(Data extracts begins)

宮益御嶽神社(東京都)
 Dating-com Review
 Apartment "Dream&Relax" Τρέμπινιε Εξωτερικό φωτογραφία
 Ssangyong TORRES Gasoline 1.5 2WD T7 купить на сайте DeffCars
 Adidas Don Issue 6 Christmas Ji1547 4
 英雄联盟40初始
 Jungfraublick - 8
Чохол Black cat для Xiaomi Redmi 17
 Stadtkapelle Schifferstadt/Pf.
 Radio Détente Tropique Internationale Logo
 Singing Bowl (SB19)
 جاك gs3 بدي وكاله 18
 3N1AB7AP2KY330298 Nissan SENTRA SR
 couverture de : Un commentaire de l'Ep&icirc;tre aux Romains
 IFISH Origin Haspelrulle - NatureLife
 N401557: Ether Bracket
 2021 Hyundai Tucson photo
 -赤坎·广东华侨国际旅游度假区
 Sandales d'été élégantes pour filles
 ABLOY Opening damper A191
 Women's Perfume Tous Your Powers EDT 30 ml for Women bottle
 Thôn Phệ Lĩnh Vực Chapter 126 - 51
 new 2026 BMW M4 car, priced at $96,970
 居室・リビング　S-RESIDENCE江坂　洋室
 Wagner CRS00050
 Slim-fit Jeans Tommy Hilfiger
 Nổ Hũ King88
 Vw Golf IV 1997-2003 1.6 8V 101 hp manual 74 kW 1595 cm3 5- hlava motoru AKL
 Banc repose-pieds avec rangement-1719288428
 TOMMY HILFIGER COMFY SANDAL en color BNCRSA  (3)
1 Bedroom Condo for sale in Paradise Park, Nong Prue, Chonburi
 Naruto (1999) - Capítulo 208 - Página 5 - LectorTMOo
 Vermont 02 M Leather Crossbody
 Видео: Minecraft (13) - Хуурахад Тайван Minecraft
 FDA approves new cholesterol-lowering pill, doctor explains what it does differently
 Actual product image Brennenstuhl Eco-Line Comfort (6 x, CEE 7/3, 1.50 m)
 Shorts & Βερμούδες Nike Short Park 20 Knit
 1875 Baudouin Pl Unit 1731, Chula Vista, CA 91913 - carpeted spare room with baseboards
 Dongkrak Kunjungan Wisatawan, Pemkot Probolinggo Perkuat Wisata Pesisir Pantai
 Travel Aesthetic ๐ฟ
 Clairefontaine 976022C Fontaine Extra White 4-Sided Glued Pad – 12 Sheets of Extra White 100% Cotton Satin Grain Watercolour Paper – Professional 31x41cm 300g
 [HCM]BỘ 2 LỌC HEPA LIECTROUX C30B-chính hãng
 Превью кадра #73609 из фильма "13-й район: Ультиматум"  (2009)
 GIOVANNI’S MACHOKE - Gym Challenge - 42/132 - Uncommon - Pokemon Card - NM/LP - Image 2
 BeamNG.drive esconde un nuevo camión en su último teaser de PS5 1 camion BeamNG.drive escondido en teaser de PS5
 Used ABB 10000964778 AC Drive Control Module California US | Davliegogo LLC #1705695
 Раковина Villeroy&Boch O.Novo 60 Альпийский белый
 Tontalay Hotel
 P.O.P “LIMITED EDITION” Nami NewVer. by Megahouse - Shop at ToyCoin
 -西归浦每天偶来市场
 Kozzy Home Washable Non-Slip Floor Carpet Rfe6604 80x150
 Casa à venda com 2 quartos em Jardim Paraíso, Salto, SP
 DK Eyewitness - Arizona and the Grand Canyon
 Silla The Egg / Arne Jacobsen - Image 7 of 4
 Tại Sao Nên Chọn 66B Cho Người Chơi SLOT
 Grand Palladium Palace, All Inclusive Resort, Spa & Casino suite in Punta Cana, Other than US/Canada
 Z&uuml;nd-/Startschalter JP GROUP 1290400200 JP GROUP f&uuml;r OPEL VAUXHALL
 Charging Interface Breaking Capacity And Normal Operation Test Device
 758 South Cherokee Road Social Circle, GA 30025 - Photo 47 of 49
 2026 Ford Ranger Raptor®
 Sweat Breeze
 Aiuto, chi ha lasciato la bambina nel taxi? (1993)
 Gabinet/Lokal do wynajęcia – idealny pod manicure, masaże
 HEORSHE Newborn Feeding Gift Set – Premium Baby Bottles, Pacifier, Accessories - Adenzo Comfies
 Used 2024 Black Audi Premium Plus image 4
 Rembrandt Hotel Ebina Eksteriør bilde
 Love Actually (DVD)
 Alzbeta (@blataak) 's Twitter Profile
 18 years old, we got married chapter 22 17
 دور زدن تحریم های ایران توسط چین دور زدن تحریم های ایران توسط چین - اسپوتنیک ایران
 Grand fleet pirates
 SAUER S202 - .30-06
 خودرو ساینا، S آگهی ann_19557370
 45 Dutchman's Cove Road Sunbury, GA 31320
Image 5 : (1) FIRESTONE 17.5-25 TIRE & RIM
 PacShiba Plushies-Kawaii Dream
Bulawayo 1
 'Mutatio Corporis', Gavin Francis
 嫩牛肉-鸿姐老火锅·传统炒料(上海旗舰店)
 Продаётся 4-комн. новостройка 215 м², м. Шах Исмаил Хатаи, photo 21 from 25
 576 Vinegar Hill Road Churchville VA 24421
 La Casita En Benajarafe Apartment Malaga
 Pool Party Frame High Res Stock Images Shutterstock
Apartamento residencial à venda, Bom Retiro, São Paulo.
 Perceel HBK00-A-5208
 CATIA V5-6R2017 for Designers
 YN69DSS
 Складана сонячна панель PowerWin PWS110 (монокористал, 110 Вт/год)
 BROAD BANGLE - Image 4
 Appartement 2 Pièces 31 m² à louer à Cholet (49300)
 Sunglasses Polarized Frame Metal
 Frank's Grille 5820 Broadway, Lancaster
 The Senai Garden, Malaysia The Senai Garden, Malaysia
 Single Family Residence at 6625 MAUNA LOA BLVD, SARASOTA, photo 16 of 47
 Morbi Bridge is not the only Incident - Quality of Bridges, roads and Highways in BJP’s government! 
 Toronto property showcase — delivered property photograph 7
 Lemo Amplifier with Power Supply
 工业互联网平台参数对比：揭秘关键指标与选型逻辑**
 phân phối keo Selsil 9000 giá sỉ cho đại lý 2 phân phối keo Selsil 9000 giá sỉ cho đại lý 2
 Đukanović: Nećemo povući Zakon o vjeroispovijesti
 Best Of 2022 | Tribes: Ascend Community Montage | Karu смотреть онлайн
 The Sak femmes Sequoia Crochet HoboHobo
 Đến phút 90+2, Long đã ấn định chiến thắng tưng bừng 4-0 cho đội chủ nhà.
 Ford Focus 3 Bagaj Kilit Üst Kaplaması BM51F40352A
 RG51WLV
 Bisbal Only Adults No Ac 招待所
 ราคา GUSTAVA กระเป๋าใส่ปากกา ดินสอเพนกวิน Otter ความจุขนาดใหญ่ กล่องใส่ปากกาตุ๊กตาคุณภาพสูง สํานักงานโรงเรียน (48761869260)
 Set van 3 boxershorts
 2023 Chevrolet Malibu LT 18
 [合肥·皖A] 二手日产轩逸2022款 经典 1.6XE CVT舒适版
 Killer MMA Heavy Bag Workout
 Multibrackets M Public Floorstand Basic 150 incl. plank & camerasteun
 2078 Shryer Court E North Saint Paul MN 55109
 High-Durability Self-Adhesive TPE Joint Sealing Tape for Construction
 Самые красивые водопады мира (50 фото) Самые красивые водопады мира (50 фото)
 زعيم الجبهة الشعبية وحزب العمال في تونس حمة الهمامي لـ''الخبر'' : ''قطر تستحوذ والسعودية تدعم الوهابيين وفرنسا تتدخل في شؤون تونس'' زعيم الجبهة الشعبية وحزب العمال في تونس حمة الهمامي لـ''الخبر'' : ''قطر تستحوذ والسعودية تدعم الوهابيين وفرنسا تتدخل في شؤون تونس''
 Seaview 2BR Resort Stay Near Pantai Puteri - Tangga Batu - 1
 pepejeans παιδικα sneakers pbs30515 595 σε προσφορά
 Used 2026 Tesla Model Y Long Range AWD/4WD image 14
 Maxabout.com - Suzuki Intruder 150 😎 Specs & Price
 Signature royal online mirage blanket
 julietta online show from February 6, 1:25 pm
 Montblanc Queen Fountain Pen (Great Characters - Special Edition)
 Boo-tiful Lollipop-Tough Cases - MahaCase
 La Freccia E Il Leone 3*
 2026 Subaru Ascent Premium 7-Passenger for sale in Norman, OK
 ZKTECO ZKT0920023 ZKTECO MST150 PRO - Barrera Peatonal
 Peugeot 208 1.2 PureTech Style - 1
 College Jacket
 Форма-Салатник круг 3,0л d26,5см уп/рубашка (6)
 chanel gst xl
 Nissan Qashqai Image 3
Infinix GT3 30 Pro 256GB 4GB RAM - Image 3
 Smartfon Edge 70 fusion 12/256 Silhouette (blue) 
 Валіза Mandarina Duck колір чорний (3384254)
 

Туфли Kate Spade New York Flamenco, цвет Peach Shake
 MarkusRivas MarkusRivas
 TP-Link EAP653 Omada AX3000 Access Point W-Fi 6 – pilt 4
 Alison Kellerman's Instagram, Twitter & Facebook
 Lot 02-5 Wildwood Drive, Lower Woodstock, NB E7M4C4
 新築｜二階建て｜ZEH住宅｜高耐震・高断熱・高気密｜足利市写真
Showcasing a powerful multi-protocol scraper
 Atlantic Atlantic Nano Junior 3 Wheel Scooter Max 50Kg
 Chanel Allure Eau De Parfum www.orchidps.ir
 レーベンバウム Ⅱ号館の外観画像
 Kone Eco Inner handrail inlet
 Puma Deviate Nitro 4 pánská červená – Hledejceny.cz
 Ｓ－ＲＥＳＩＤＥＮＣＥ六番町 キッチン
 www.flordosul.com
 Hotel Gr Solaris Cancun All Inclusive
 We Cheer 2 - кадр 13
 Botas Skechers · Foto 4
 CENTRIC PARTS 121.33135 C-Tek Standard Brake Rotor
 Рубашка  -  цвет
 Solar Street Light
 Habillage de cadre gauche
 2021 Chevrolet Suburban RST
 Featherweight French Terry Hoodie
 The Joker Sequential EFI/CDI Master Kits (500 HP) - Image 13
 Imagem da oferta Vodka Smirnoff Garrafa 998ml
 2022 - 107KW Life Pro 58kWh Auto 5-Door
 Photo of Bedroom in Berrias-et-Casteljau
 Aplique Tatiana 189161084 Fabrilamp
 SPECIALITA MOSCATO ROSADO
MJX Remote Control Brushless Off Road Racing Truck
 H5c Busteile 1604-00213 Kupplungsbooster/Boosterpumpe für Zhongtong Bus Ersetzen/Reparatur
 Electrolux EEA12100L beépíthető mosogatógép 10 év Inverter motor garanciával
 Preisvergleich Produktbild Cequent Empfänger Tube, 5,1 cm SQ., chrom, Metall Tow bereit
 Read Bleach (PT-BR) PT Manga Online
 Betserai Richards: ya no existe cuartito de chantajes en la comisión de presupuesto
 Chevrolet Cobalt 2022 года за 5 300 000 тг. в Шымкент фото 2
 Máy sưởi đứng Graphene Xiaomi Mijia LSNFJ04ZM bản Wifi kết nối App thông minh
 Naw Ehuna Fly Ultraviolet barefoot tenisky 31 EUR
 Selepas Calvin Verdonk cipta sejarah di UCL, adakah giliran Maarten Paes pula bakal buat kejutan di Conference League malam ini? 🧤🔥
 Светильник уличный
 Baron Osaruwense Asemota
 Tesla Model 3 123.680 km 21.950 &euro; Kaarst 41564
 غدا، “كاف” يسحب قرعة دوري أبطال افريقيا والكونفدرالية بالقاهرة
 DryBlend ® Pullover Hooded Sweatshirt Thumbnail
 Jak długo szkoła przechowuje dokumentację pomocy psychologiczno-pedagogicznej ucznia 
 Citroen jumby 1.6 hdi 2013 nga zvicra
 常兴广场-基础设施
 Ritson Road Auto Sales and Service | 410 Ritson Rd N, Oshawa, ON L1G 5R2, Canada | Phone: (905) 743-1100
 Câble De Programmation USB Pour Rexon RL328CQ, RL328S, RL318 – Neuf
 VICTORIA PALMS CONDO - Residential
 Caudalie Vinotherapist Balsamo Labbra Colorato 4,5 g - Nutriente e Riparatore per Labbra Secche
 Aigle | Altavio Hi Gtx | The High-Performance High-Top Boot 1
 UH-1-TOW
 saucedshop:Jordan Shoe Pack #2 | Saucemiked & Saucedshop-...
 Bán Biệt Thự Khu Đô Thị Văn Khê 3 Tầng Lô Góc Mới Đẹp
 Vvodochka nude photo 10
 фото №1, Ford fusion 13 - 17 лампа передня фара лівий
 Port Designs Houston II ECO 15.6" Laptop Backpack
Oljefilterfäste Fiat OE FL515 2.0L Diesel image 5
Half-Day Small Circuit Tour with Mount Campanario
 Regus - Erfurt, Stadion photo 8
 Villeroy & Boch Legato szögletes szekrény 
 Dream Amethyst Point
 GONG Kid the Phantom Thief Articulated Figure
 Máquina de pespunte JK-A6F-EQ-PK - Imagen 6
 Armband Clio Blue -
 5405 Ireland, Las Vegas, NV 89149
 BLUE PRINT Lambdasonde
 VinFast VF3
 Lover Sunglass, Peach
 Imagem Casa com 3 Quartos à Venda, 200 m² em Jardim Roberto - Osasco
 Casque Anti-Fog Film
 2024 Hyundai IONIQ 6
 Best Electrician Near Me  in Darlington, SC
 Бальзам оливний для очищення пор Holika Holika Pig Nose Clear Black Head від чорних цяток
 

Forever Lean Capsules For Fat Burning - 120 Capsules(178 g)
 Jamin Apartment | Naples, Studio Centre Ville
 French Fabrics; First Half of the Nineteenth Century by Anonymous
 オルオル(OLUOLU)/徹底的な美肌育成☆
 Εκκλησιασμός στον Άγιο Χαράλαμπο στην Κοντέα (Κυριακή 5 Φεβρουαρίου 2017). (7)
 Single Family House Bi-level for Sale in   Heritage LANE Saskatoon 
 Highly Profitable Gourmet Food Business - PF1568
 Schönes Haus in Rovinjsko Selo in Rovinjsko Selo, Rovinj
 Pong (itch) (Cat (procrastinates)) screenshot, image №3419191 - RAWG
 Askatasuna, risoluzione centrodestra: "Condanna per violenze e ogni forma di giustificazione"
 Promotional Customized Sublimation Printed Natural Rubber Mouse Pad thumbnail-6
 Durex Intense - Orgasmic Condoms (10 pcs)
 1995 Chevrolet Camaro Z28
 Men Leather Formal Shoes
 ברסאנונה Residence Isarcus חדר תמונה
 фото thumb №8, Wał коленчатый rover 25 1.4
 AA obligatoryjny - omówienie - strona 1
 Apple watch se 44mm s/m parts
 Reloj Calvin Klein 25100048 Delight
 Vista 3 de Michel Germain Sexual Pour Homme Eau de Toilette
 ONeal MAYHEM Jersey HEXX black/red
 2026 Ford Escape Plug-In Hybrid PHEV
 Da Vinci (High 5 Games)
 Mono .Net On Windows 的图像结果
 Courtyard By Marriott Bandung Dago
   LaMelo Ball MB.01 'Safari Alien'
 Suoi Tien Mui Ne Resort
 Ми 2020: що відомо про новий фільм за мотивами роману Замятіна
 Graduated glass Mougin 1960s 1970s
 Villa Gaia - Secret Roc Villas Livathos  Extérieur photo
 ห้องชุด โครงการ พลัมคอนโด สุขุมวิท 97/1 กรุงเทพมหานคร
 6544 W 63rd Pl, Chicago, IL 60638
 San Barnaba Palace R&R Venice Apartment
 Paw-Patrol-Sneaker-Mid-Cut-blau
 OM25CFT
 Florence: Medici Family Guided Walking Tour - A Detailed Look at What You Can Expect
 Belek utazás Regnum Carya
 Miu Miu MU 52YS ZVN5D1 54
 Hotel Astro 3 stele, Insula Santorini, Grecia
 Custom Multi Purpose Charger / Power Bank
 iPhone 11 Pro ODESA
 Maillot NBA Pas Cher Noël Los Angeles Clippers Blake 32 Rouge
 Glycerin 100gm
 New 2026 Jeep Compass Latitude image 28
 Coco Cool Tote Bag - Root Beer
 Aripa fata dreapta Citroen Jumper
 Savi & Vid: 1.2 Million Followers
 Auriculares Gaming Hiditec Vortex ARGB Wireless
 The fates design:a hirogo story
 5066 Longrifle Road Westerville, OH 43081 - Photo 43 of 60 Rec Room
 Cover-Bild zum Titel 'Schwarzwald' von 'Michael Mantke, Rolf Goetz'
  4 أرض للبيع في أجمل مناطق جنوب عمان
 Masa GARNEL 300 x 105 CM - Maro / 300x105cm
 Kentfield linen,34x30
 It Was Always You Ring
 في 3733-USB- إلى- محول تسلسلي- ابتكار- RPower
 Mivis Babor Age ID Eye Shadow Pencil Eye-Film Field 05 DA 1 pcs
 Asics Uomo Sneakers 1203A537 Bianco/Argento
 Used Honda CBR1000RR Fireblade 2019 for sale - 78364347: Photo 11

(Data extracts ends)

Working from the records above, write out verbatim only the lines from the line containing "خودرو ساینا، S آگهی ann_19557370" through the line containing "Продаётся 4-комн. новостройка".

 خودرو ساینا، S آگهی ann_19557370
 45 Dutchman's Cove Road Sunbury, GA 31320
Image 5 : (1) FIRESTONE 17.5-25 TIRE & RIM
 PacShiba Plushies-Kawaii Dream
Bulawayo 1
 'Mutatio Corporis', Gavin Francis
 嫩牛肉-鸿姐老火锅·传统炒料(上海旗舰店)
 Продаётся 4-комн. новостройка 215 м², м. Шах Исмаил Хатаи, photo 21 from 25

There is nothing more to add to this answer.